Records for the exercise:
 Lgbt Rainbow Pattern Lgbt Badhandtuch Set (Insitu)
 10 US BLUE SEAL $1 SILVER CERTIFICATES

* * *

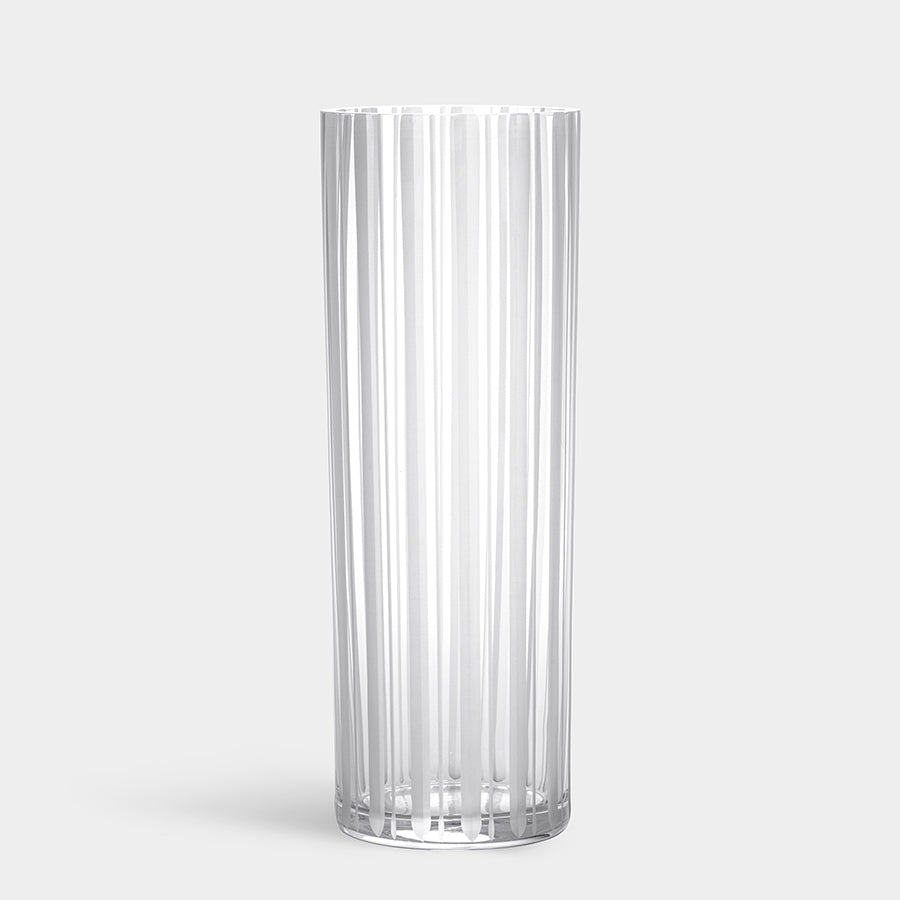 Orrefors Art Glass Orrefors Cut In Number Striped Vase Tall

Task objective: Word for word, restate the lines of the listing above starting at the line with "Lgbt Rainbow Pattern" and ending at the line with "10 US BLUE SEAL $1 SILVER CERTIFICATES", and nothing outside them.

Answer space:
 Lgbt Rainbow Pattern Lgbt Badhandtuch Set (Insitu)
 10 US BLUE SEAL $1 SILVER CERTIFICATES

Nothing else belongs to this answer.